2007-08-29 Thread David Hazel
 You can also use the environment variables MMC_MOUNTPOINT and
 INTERNAL_MMC_MOUNTPOINT, but then you have to make sure that they are
 always set correctly in your environment.  (I don't think using
 environment variables for this kind of system information is a good
 idea.)

Those environment variables seem oddly inconsistent to an ex-VMS man like
me. Why not EXTERNAL_MMC_MOUNTPOINT and INTERNAL_MMC_MOUNTPOINT? Otherwise
it's necessary to remember which one the unqualified MMC_MOUNTPOINT refers
to (e.g. by remembering that the other one starts with INTERNAL rather than
EXTERNAL - which itself is counter-intuitive, as I would expect the internal
one to be the more important and therefore the unqualified one).

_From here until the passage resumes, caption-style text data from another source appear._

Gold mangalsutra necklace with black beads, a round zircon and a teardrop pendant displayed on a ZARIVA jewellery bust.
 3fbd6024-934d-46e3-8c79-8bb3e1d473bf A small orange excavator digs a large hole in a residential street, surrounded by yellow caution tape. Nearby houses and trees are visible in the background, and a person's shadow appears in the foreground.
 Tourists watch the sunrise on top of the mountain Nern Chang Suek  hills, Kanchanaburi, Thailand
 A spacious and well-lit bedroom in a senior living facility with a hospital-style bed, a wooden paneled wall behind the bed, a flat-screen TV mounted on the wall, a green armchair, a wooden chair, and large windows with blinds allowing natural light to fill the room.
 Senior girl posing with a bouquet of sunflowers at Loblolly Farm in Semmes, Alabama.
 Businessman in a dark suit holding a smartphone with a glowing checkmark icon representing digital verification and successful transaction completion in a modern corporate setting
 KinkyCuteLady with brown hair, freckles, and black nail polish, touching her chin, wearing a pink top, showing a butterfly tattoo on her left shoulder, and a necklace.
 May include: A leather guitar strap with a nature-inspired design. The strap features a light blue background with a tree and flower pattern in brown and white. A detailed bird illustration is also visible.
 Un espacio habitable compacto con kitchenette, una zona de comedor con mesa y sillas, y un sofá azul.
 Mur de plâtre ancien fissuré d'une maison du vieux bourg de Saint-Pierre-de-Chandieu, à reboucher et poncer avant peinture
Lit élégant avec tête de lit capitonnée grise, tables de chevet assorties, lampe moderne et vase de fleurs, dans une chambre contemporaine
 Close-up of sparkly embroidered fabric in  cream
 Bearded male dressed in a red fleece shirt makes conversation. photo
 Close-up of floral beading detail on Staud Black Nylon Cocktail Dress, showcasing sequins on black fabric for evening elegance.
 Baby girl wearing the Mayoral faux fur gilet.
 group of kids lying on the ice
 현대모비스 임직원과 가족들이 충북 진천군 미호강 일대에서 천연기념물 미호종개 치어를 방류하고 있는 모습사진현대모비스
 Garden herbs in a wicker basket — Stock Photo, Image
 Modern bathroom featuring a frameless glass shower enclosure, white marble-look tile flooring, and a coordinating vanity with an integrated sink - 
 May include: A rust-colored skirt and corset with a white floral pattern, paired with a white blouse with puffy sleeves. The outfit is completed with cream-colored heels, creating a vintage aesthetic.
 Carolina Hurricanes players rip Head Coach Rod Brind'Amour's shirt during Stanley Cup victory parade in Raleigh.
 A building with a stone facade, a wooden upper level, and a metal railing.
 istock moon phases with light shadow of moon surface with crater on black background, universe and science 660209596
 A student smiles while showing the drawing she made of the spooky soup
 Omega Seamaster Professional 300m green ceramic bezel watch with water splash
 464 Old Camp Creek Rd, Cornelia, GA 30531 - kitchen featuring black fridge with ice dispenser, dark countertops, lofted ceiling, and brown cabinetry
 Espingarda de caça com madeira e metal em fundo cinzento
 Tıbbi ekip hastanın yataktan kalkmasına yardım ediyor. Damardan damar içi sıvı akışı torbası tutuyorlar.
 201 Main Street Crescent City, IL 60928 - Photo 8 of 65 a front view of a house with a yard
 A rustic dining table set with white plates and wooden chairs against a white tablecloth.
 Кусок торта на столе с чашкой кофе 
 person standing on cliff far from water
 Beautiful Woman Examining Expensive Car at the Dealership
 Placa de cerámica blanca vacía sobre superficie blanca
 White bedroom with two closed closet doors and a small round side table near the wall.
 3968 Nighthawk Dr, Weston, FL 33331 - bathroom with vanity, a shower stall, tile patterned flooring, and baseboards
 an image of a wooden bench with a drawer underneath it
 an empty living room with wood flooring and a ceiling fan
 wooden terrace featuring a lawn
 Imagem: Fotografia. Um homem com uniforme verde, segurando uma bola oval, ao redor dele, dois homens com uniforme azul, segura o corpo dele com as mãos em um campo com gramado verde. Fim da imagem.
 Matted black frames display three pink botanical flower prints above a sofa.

I also picked up on Tony's reply regarding the way in which /dev/mmcblk0 and
/dev/mmcblk1 seem to be reversed in semantics with respect to the cards they
relate to. With these two examples of inconsistency in card mappings, it
seems all the more important to me that some kind of API is provided that
can enumerate the cards with certainty (and with logical/naming consistency,
please!) and can determine a range of useful information about the cards.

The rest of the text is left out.